High-level visits from Saint Lucia to Mexico
- Prime Minister Stephenson King (2010)
- Prime Minister Allen Chastanet (2017)
- Prime Minister Philip J. Pierre (2021, 2024)

==Bilateral agreements==
Both nations have signed a few bilateral agreements such as an Agreement for the Exchange of Information on Tax Matters (2013); Agreement of Cooperation in the Fields of Education, Culture, Youth, Physical Culture and Sports (2014); and an Agreement for Technical and Scientific Cooperation (2014). Each year, the Mexican government offers scholarships for nationals of Saint Lucia to study postgraduate studies at Mexican higher education institutions.

==Trade==
In 2023, trade between Mexico and Saint Lucia totaled US$4.2 million.
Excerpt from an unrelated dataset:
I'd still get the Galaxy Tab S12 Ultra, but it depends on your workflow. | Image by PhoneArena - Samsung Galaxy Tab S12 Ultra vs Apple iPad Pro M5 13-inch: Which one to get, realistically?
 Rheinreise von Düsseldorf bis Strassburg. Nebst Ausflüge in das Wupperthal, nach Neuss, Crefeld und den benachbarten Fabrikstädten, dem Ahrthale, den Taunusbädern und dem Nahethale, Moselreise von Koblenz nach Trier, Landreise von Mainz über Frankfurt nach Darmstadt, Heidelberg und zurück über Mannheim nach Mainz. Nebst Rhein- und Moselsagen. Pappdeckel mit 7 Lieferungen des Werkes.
Mexico's main exports to Saint Lucia include: motor vehicles, household electronics, refrigerators, stoves, grates and cookers; alcohol, chemical based products and clothing articles. Saint Lucia's main exports to Mexico include: parts and accessories of machine tools, instruments and apparatus for regulating and controlling flows, vegetables wax, conveyor belts and screws and bolts.

==Resident diplomatic missions==
- Mexico has an embassy in Castries.
- Saint Lucia is accredited to Mexico from its embassy in Washington, D.C., United States.